╭─ Supplied information

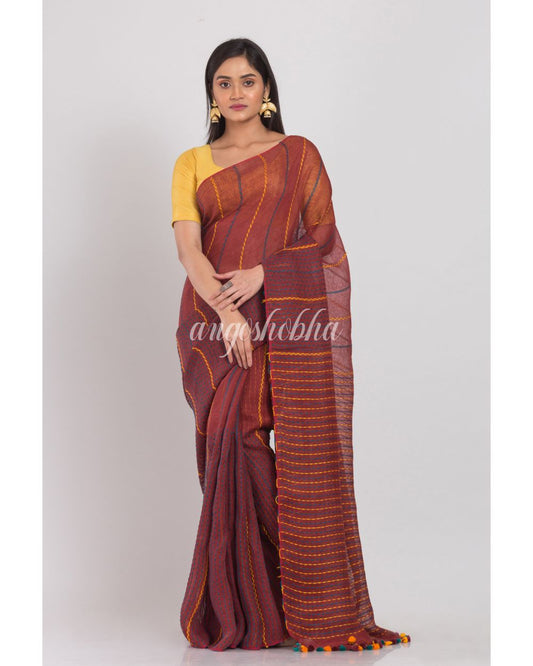 Brown Handloom Linen Saree angoshobha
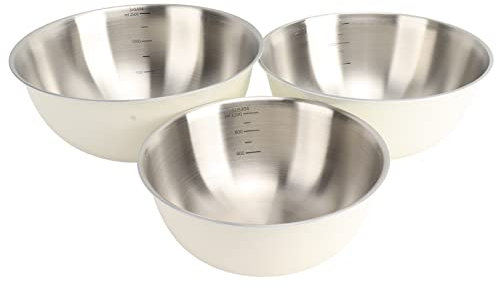 3 PCS Rührschüsseln, Rührschüssel-Set aus 304 Edelstahl, Rührschüsseln aus Poliertem Spiegel, Verschachtelte Rührschüsseln, Gebogene Lippen-Design-Beckenschüssel mit Waage Zum(Cremeweiß)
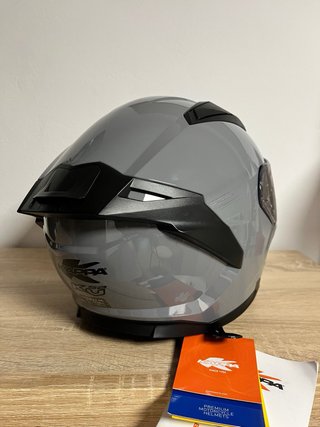 Casco Moto Kappa Gris Visera Doble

╰─

Work instructions
Everything in the listing above must be restated word for word, except the images.

Reply to the task
 Brown Handloom Linen Saree angoshobha
 3 PCS Rührschüsseln, Rührschüssel-Set aus 304 Edelstahl, Rührschüsseln aus Poliertem Spiegel, Verschachtelte Rührschüsseln, Gebogene Lippen-Design-Beckenschüssel mit Waage Zum(Cremeweiß)
 Casco Moto Kappa Gris Visera Doble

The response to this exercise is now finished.